(Short descriptive text snippets)

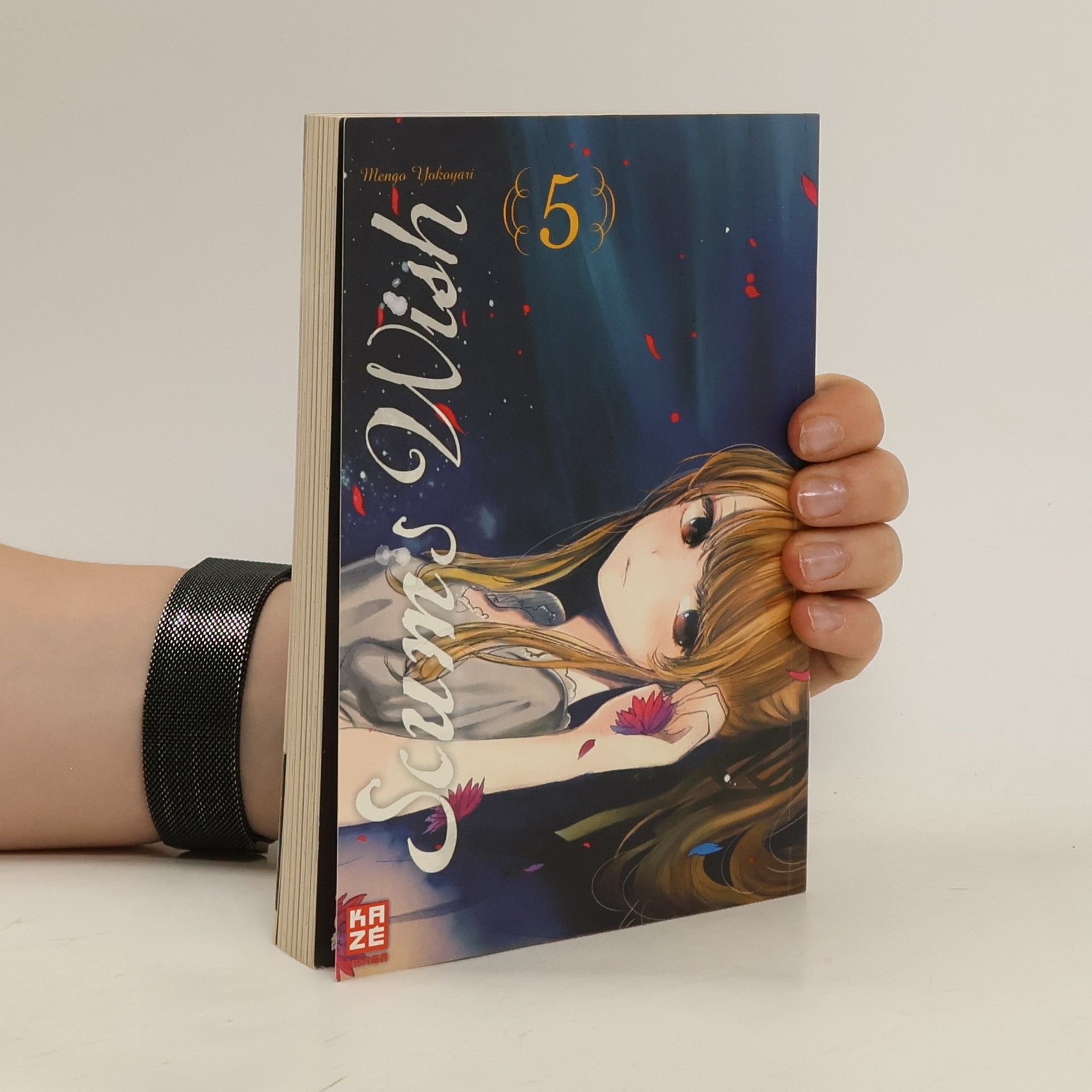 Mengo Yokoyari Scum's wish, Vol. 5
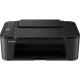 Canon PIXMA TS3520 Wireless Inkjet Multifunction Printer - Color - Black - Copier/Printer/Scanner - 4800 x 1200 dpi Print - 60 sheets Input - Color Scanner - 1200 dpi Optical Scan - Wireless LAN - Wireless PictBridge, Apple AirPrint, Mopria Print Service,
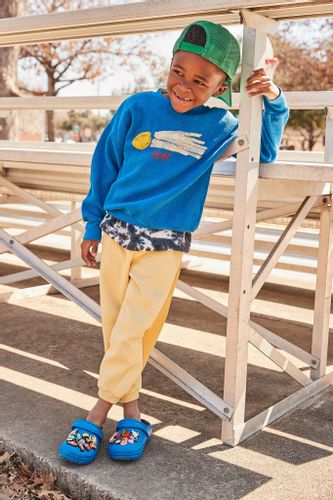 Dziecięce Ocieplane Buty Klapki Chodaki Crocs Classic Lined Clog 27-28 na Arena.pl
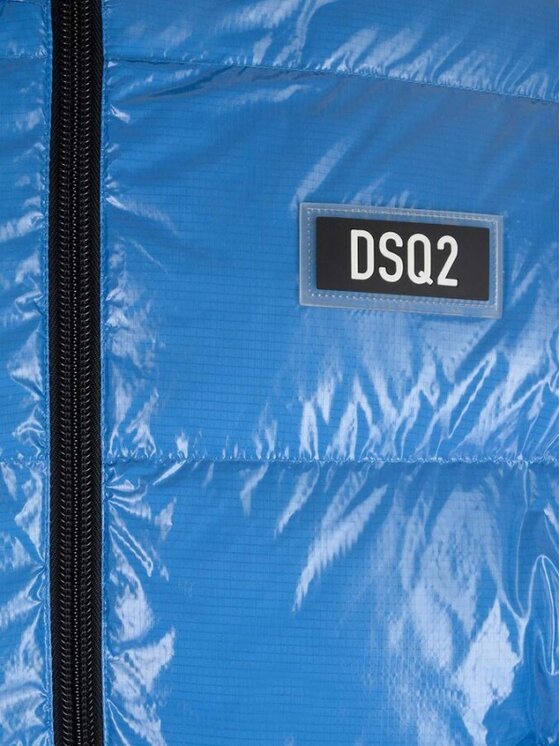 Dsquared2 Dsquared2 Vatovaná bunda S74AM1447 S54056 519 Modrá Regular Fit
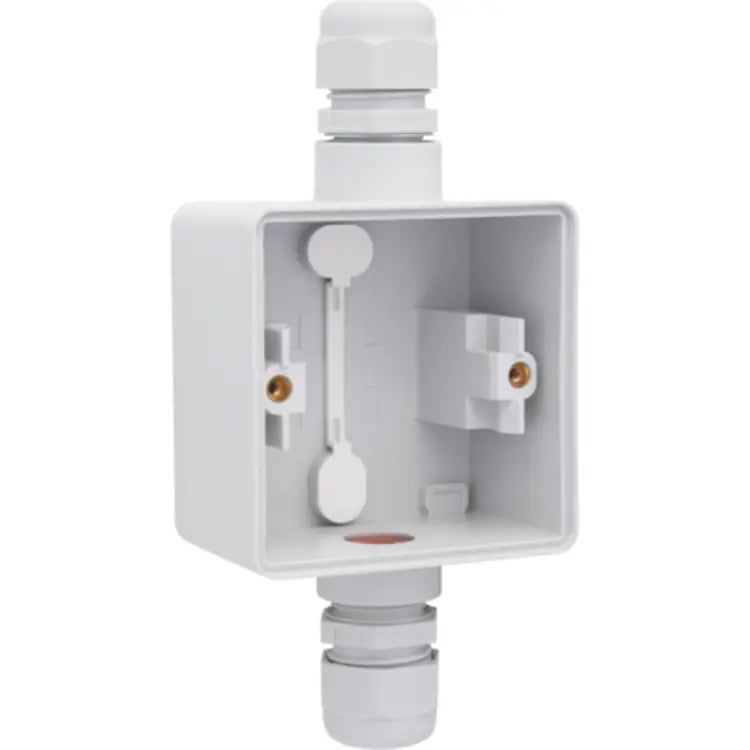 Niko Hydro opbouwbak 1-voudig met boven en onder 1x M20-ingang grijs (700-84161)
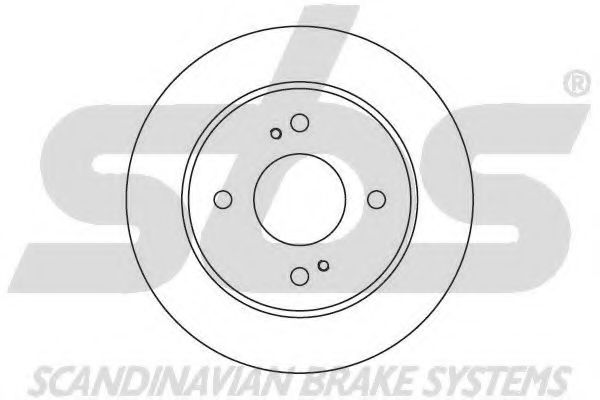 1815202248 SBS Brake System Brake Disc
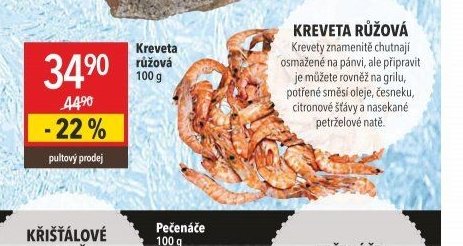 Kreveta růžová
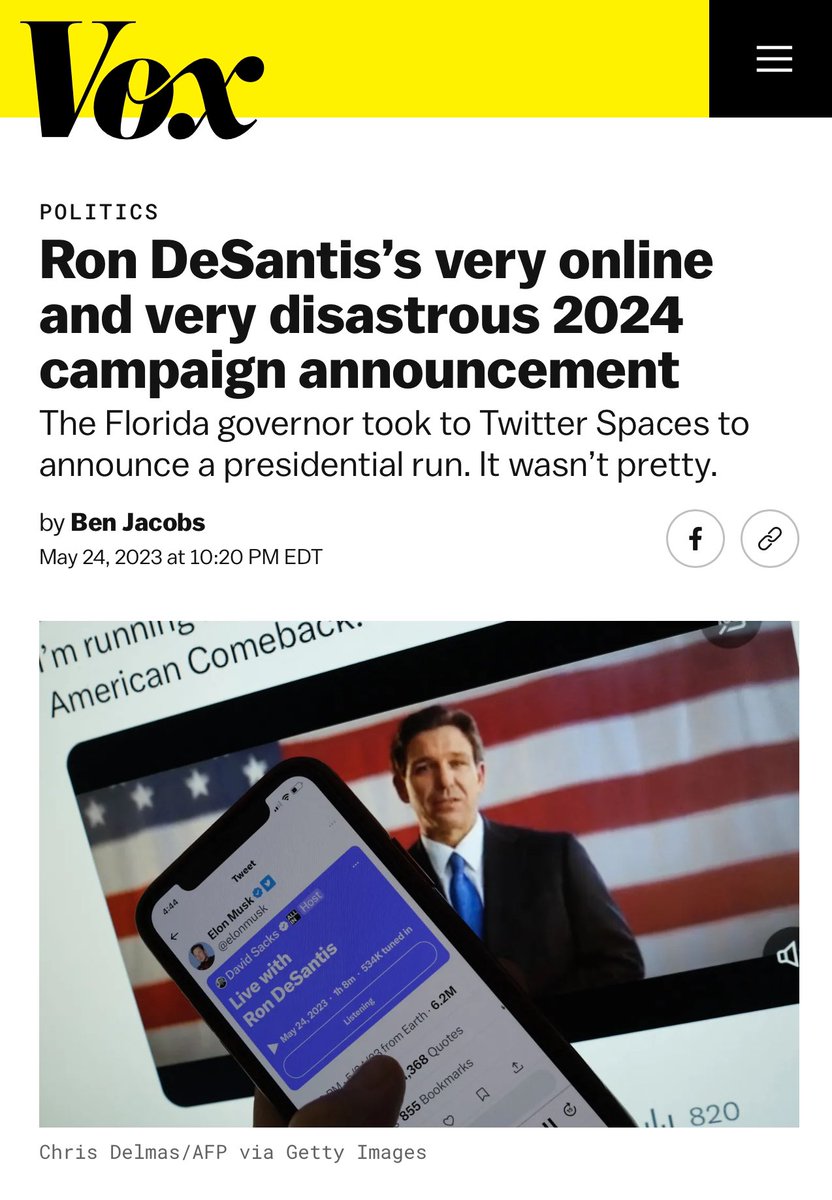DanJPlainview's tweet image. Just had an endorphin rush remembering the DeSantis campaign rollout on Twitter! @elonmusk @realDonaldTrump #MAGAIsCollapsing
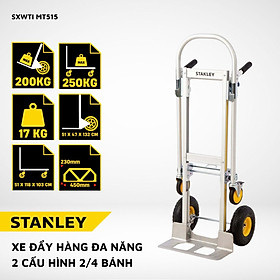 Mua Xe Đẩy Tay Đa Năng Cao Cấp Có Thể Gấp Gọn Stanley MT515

Task:
The lines to restate word for word run from the line that contains "Kreveta růžová" through the end of the entries above, both ends included. Leave out all pictures and write nothing else.

Answer to the problem:
 Kreveta růžová
DanJPlainview's tweet image. Just had an endorphin rush remembering the DeSantis campaign rollout on Twitter! @elonmusk @realDonaldTrump #MAGAIsCollapsing
 Mua Xe Đẩy Tay Đa Năng Cao Cấp Có Thể Gấp Gọn Stanley MT515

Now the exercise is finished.